It is not the game designers that encourage these hyper specialized builds, it is the white room optimizers.

It is not damage, but then damage is not the best metric of power. Casters have plenty of extremely powerful feats.

Metamagic adept is pretty darn powerful (although not spammable). I would say Warcaster is pretty close in terms of being an extremely powerful martial feat.

Really though Fey Touched is probably the most powerful feat in the game, letting a caster get an off-list spell, Misty Step, niether count against concentration cast it for free once and then spam it. Hex, Dissonant Whispers and Command being three awesome spells mechanically. Because Dissonant Whispers usually causes AOOs on a failed save it is a very effective spell from a damage point of view too.

Shadow Touched is also very good and with Cause Fear on a Fey Wanderer Ranger using a 2nd level slot it is borderline OP.

I would put any of those four feats up against PAM in terms of power, even if you get the unicorn Halberd or Glaive.

I know there are some great caster feats that are more powerful than others. That's not in dispute and isn't anywhere related to what I was
The issue is that the martial feats cause lock-in. You spend a portion of your characters power budget on a feat, you expect it to be useful for the rest of your characters build, and at some point it might not be, depending on what magic weapons are available. None of the caster feats you listed have that problem, where you may end up in a situation where the feat is no longer useful.


The most straightforward way is to change your build or change how you play regardless of the sunk cost in your build.

If your DM is not letting you change fighting styles at an ASI I would agree with you. But that is fundamentally different than altering the story and plot to focus on a choice you made on your character.

Choices are choices for a reason and putting a magic polearm in a room because I chose pole arm master is akin to making a Troll vulnerable to Radiant damage because I brought holy water with me instead of acid and oil.

Two examples from in actual campaigns -
1. we walked into a study and decided to search it instead of going straight to the next room.
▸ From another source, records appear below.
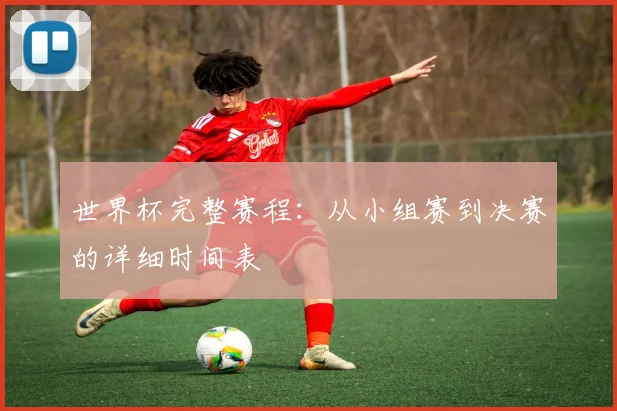 世界杯完整赛程：从小组赛到决赛的详细时间表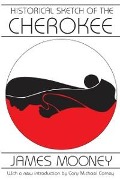 Cover-Bild zum Titel 'Historical Sketch of the Cherokee' von 'James Mooney'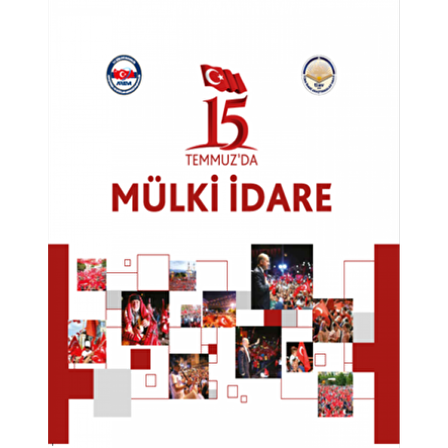 15 Temmuz'da Mülki İdare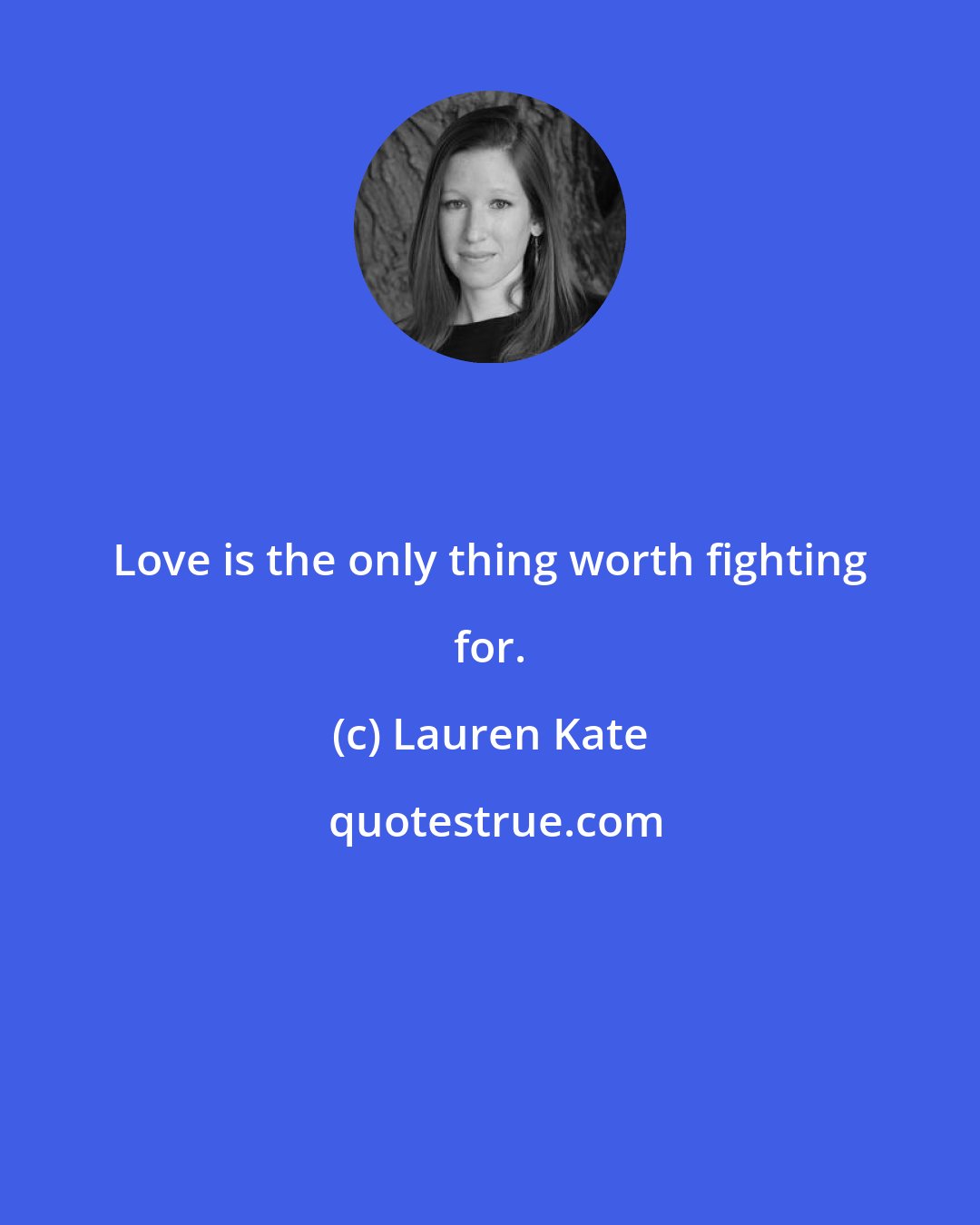 Lauren Kate: Love is the only thing worth fighting for.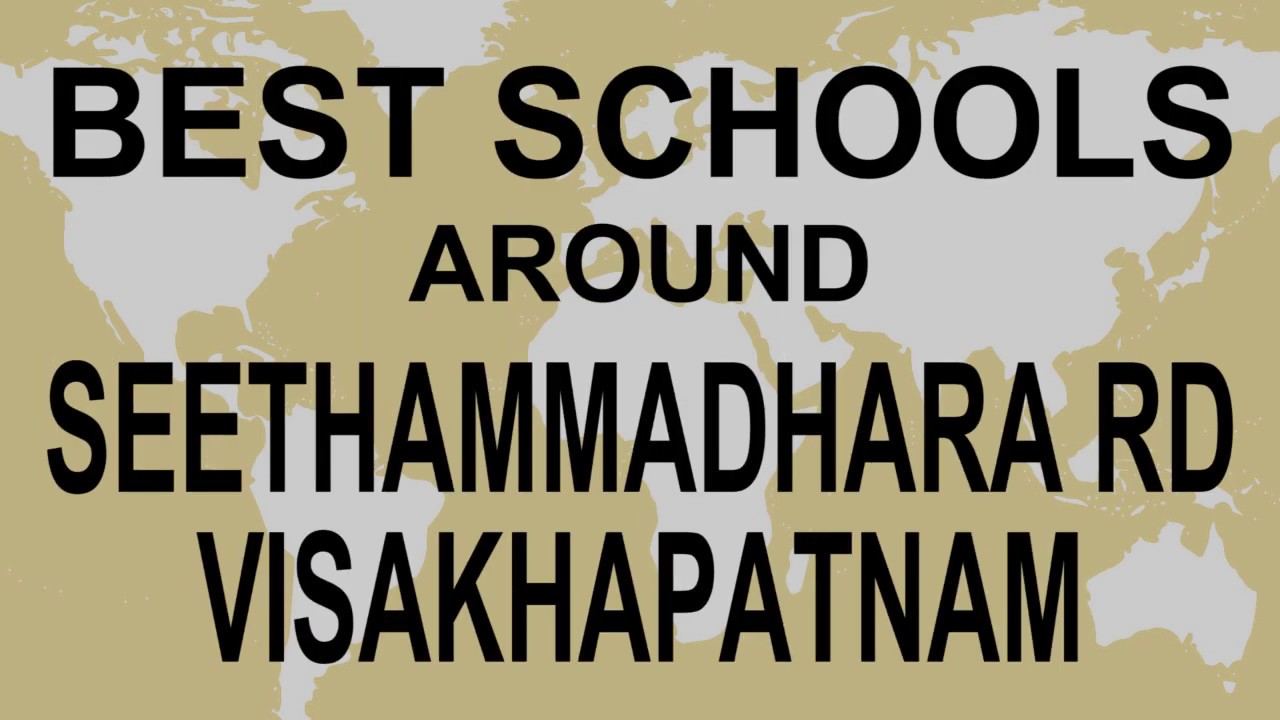 Schools around Seethammadhara Rd, Visakhapatnam CBSE, Govt, Private, International | Edu Vision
The BBEG in the next room heard us (or maybe he was told by his familiar) in any case he escaped with the loot, we weren't abole to bring him to justice, the bad guys won that day. Shoudl the DM have fudged this and just had him attack us instead so we could have the climactic battle and go back to the town heroes?

2. My Artificer walked into a room without checking it for traps, she sprung a trap became paralyzed, enemies came out and over the course of 2 rounds was killed dead and other party members could not get to her. This was the lowest point in my 5E playing career. It was worse than the two other characters that died. Should the DM have just changed it up somehow so I would have survived.
I don't think these examples are related at all to what I was discussing.

3. The PCs were all captured and stripped of their gear (this actually has happened to me twice). In one of those we escaped through the sewer without gear and my Rogue was running around attacking enemies with a broken longsword hilt we found (as an improvised weapon). Should there have been a Rapier lying in the sewer muck so he could sneak attack?

These kinds of things, and giving a PC a specific item for no reason, would make the choices you make trivial. It would take it from shared storytelling to DM story telling and it would not be as fun IMO.
Prison break scenarios are one of the few situations where denying character abilities can be fun, with the understanding that it's not a permanent condition. And tbh yes, I would have the 1st or 2nd group you encounter during the break have a dagger that the rogue could take if you defeat them with the sword hilt, because that seems imminently reasonable.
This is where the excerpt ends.